[ https://issues.apache.org/jira/browse/IGNITE-17157 ]
Julia Bakulina deleted comment on IGNITE-17157:
-----------------------------------------
was (Author: JIRAUSER294860):
[~NIzhikov] hi! Could you please review?
> Documentation of the Ignite index reader
> ----------------------------------------
>
> Key: IGNITE-17157
> URL: https://issues.apache.org/jira/browse/IGNITE-17157
> Project: Ignite
> Issue Type: Task
> Reporter: Denis Chudov
> Assignee: Julia Bakulina
> Priority: Major
> Labels: documentation, ise
> Time Spent: 40m
> Remaining Estimate: 0h
>
> It would be nice to have a documentation for the Ignite index reader utility
> that was added in IGNITE-14529.
> {panel:title=Draft}
> // Here should also be an overview with the description of the purposes of
> the utility
> To run this utility, use index-reader.sh/index-reader.bat script from Ignite
> *bin* directory.
> *Command line parameters:*
> *--dir*: partition directory, where index.bin and (optionally) partition
> files are located.
> *--part-cnt*: full partitions count in cache group. Default value: 0
> *--page-size*: page size. Default value: 4096
> *--page-store-ver*: page store version. Default value: 2
> *--indexes*: you can specify index tree names that will be processed,
> separated by comma without spaces, other index trees will be skipped. Default
> value: null. Index tree names are not the same as index names, they have
> format _cacheId_typeId_indexName##H2Tree%segmentNumber_, e.g.
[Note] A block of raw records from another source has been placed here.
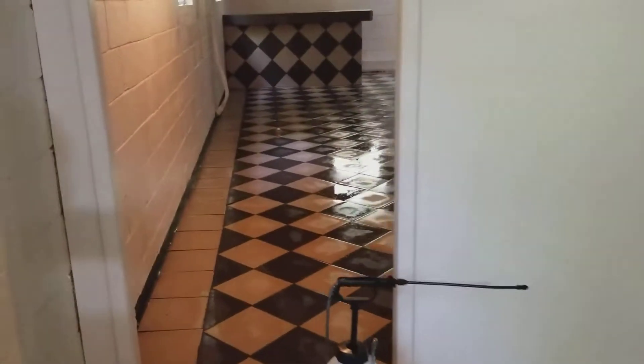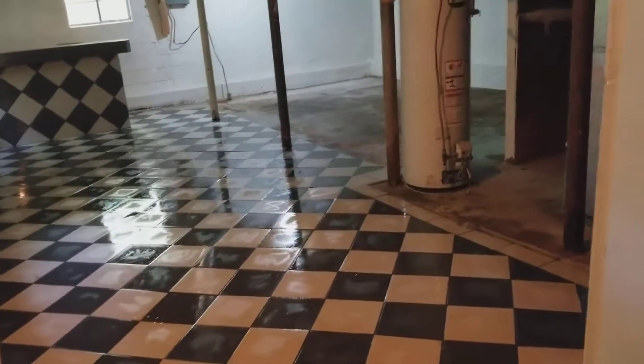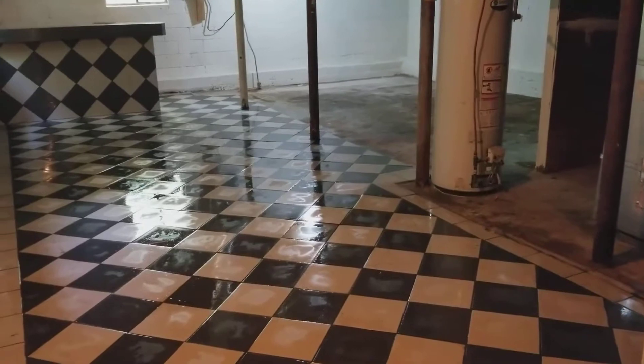We're in the process of treating the area right now. We've got our product down on the floor. We're dealing with a combination of unfinished cement, concrete, tile with grout, and some linoleum on the floor, as well as drywall, cinder block, and wood on the walls.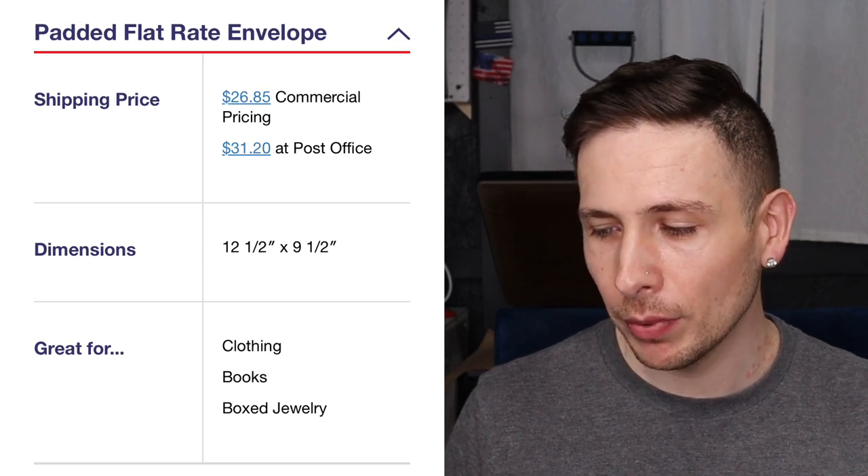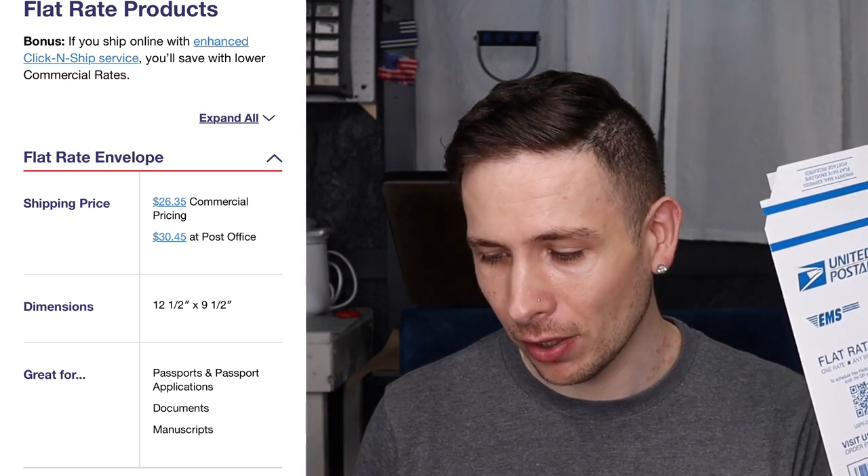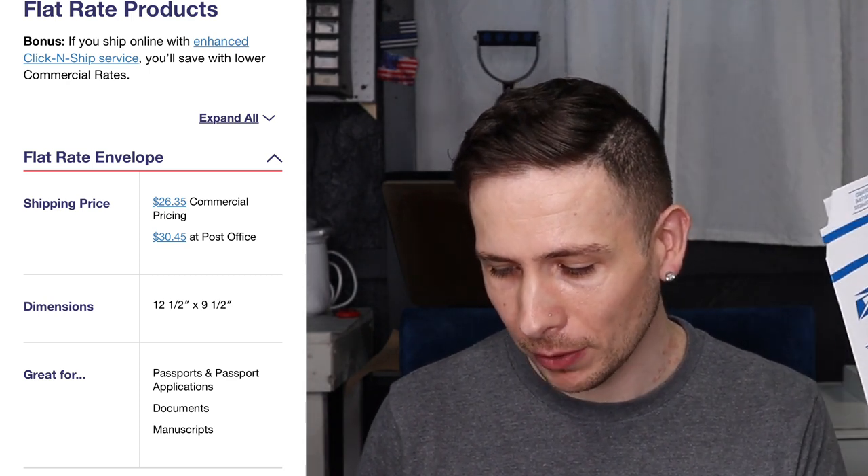At the time of filming — again, May 2024 — the bubble mailer flat rate express: if it fits, it ships, and you can put a box or something inside. That's going to be $26.85 commercial pricing or $31.20 at the post office. That's within the United States, by the way — all of this is within the US. The paper one — again, you could take a bubble mailer and put it inside because it is a little cheaper — is $26.35 commercial pricing or $30.45 at the post office, so the pricing is really not that much different.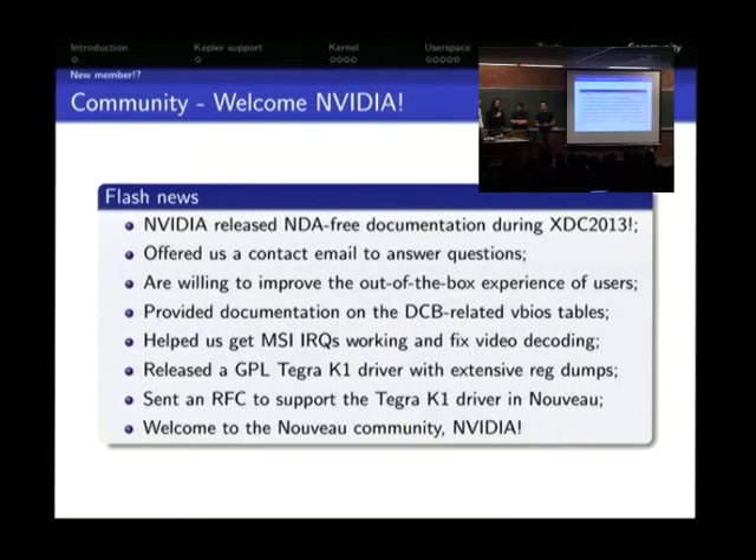We are looking for contributors — especially people interested in compilers, documentation writers, or anyone willing to help answer questions in the Nouveau IRC channel. There aren't many of us, so any help is appreciated. Come forward in IRC or send an email to one of us — we'll get you sorted.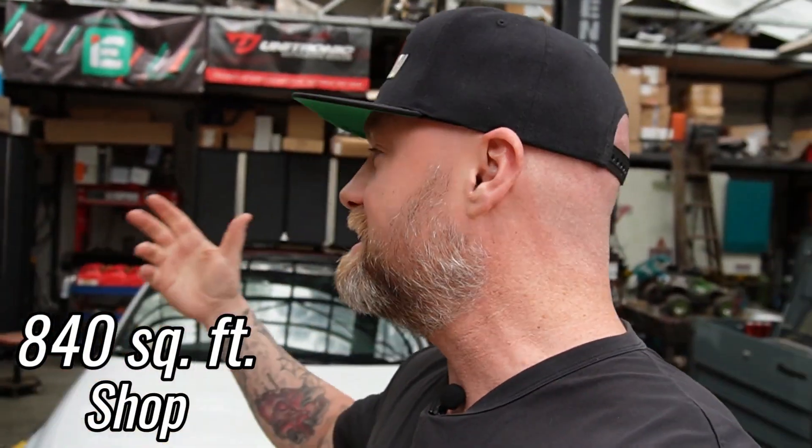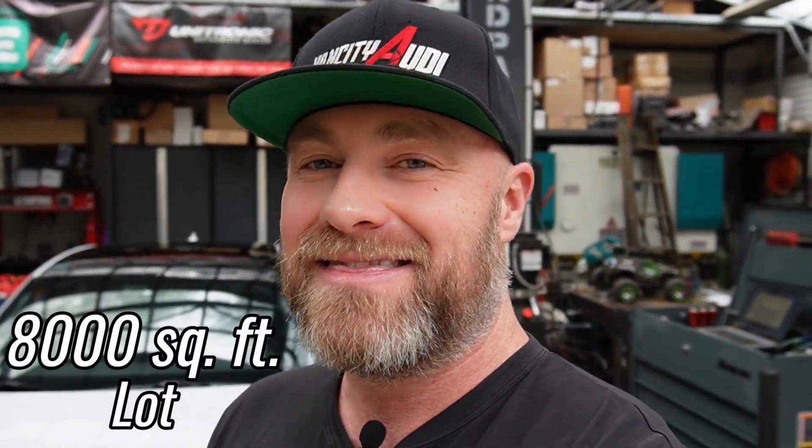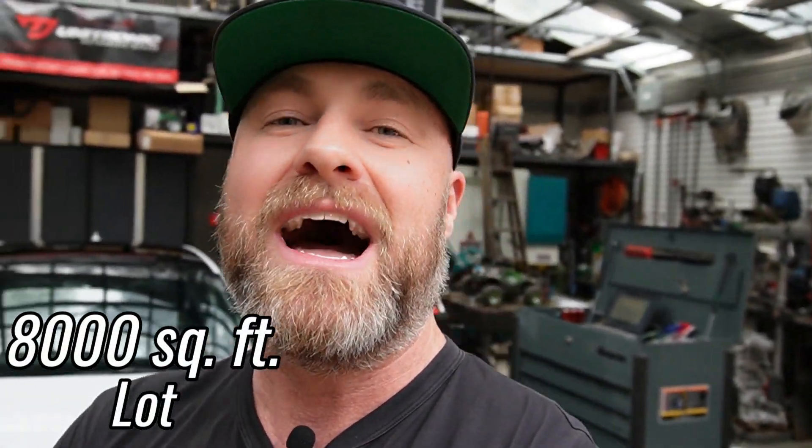Let me tell you a bit about this property. We are on an 840 square foot facility — this was built by Kyle about three years ago. It's built beautifully; he did everything he could to make sure he was able to work without hiccups. He made sure to put enough power in this place to fabricate anything and everything. The shelving units and the lift are available if you want to include them in the offer. The lot itself is 8,000 square feet.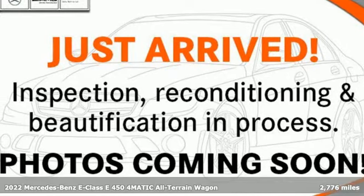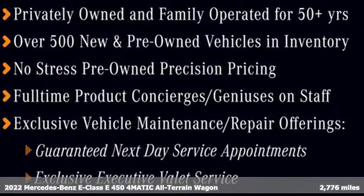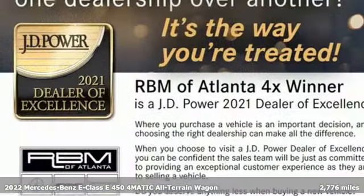It's a certified 2022 Mercedes-Benz E-Class. The body grabs you, the interior draws you in, and the engine keeps you coming back.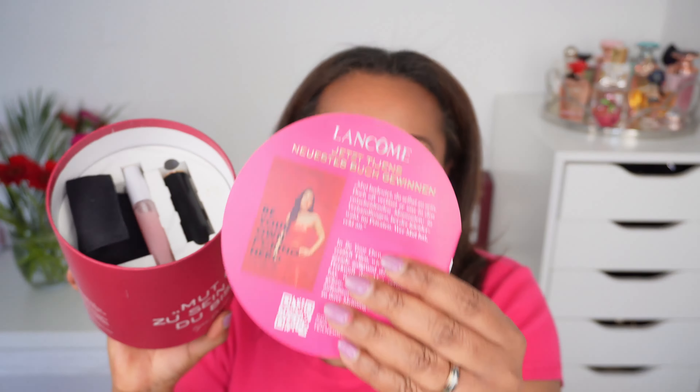I saw this on the Lancôme website during Women's Week because I went to pick up another product. I thought it was awesome that they're giving a hundred percent of the proceeds to women's charities. This is very cute — I may keep this box for keeping perfume samples and other stuff. Inside there is a Lancôme booklet featuring Tijen Onaran.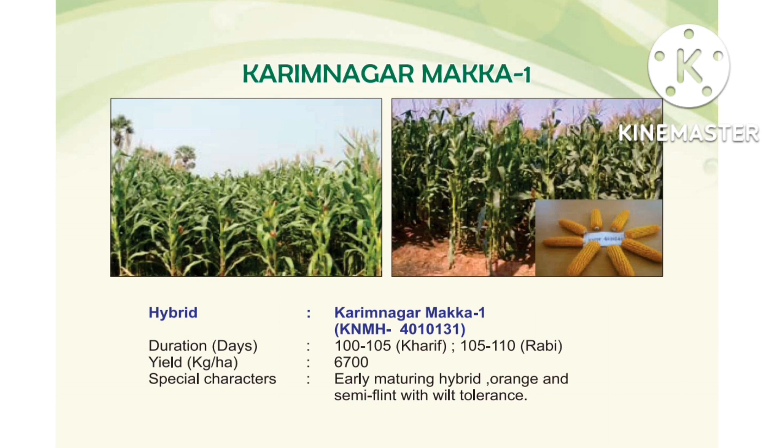Karimnagar Maize 1, released from Karimnagar Research Station. It is a hybrid variety, number 4010131. Duration: Kharif — 100 to 105 days; Rabi — 105 to 110 days. Yield: 6700 kg per hectare. Special characters: early maturing hybrid, orange and semi-flint grain, filter tolerance.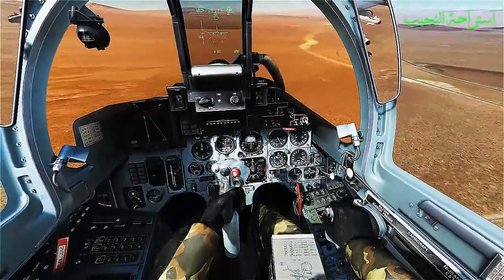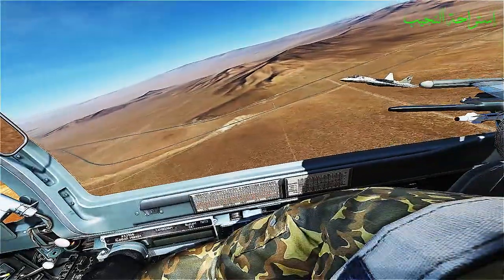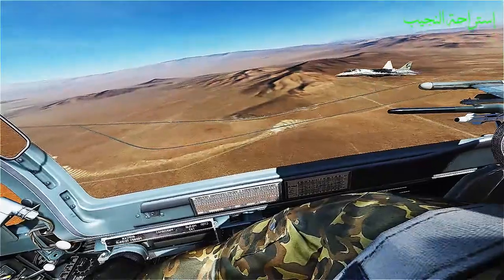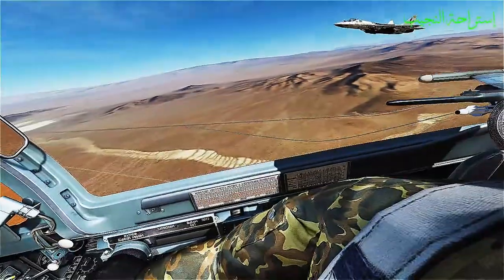Stealth technology. The Su-57 incorporates advanced stealth features, including a reduced radar cross-section, to enhance its survivability and make it harder to detect by enemy radars.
> {{2652_885397586_T0_F0_F1_IDX##H2Tree%0}}. You can see them in utility
> output, in traversal information sections (RECURSIVE and HORIZONTAL).
> *--dest-file*: file to print the report to (by default report is printed to
> console). Default value: null
> *--check-parts*: check cache data tree in partition files and it's
> consistency with indexes. Default value: false
> The utility can analyze index.bin and optionally partitions, if *--part-cnt*
> greater that 0 and partition files are present, to read CacheDataTree and to
> look into data pages to check their availability. It reads all index trees
> from index.bin and traverses them in two ways:
> - recursive traversal from root to leaves
> - traversal by each level, as all pages on one level are connected through
> forward ids.
> Also it reads page reuse lists. After all, it scans all pages in file, trying
> to detect orphan pages (those which don’t have any references from index
> trees and reuse lists).
> So, the output of the IgniteIndexReader consists of 4 main sections:
> - recursive traversal info (with prefix <RECURSIVE>)
> - horizontal traversal info (with prefix <HORIZONTAL>)
> - page reuse lists info (with prefix <PAGE_LIST>)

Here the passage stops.